The owner turns out to be an exhausted-looking man in his early fifties, the top of his head bald while the sides are covered in thick, gray hair. He sits behind the desk in his trailer, gesturing for the hunters to sit across from him. There are a couple problems with that, however; the first is that there are only two chairs, the second is that one of those chairs is shaped like fucking Pennywise. Elizabeth isn't scared of clowns, but that chair is the very definition of Heebie Jeebies.
"Y'all gonna sit or not," Cooper asks, raising a bushy eyebrow at them. Dean moves fast, claiming the normal chair and tugging Elizabeth onto his lap, leaving Sam with the chair of nightmares. Elizabeth isn't going to lie, folks, she smirks a little bit. "You got a problem with clowns, son?"
"No," Sam lies. Cooper shakes his head a little, not buying it.

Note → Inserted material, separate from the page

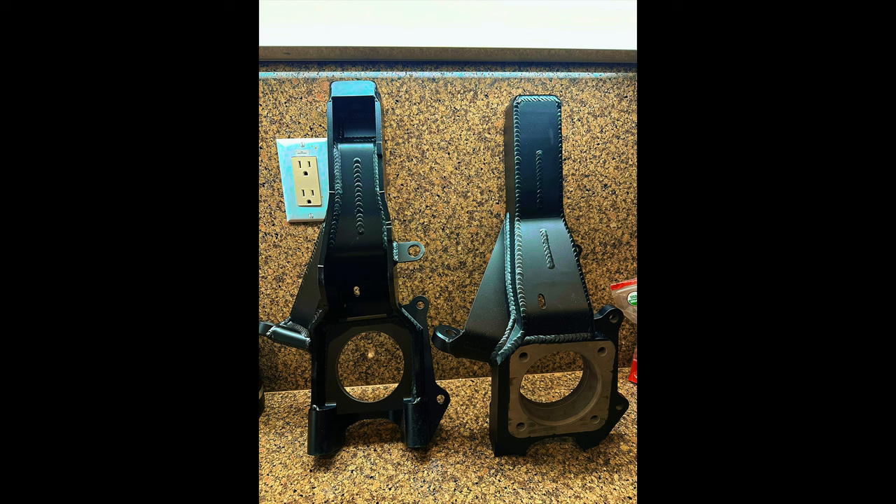Introducing Camberg's Performance Spindle for the Toyota Tacoma. Now let's go get them installed on the truck.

"You kids picked a hell of a time to sign up, but I'm glad you have. Truth be told, we need some help keeping the show going. Especially recently."
"We saw the cops out front when we got here," Elizabeth says softly. She leans forward as well as she can while balanced on Dean's knees, some of her hair falling over her shoulder and tickling her cheek. "What exactly is goin' on, Mister Cooper?"
"A couple folks got murdered, is all. We're the newcomers so the cops came here first to figure out if we're a group of serial killers. It's ridiculous, but I can't fault them for it. I'd be pretty suspicious, too. Back to business. Have you three ever worked the circuit before?"
"Yes, sir," Sam lies, more convincing this time around. "Traveled through Texas and Arkansas." Cooper's brows meet his vanished hairline and you don't have to be a Holmes to know that this guy is seeing right through their bullshit. Sam heaves out a sigh but keeps himself carefully upright.
"Wanna try the truth this time?"
"We need the money," Dean says, which isn't entirely a lie. They do need some cash if they want to get some beer and food tonight. "We can do a little bit of everything. Sam and I can do any physical labor, Liza's real good at convincing people to do shit they don't want to. Just last week she talked our niece into taking a bath and that little shit would rather get a cavity than get wet."
"You see that picture?" Cooper gestures at a black and white photo on the shelf behind him, featuring a man that looks exactly like him in front of an old fashioned Ferris wheel. "That's my daddy."
"You look just like him."
"So I've been told. My daddy ran a freak show until it was outlawed. Apparently it's more dignified to let those poor people rot in asylums and gutters instead of earning an honest wage." Elizabeth wouldn't call it honest. Cooper's daddy was probably a mean son of a bitch. "This place is a refuge for the outcasts, folks that have nowhere else to go in the world. You three? Y'all should go to school, settle down with a nice partner, have a couple kids. Y'all don't belong here."
Quiet blankets the trailer, the three hunters too shocked to speak for a moment. Not a one of them has been able to keep a normal life, not even when they fought tooth and nail for it. Sam got out for four years, Elizabeth was out for a few months, and Dean was out for three weeks. John went AWOL and screwed them over
The quiet, regular life might be a good fit for other people, but they'll never be able to hold onto it. That's not what God has written out for them, if God is real at all. At this point, Elizabeth isn't too sure.
"We tried the regular life, sir," Sam says, putting all the bullshit to the side for once. "It doesn't fit us as well as you think it does. We want a job, a chance. Think you can give it to us so we don't end up in the gutter?"
"Fine, you boys can spend the day picking up the trash. Miss Elizabeth can find a booth to run for the day. Y'all do a good enough job, and I'll let you stick around. Until then, get out of my trailer and keep outta trouble."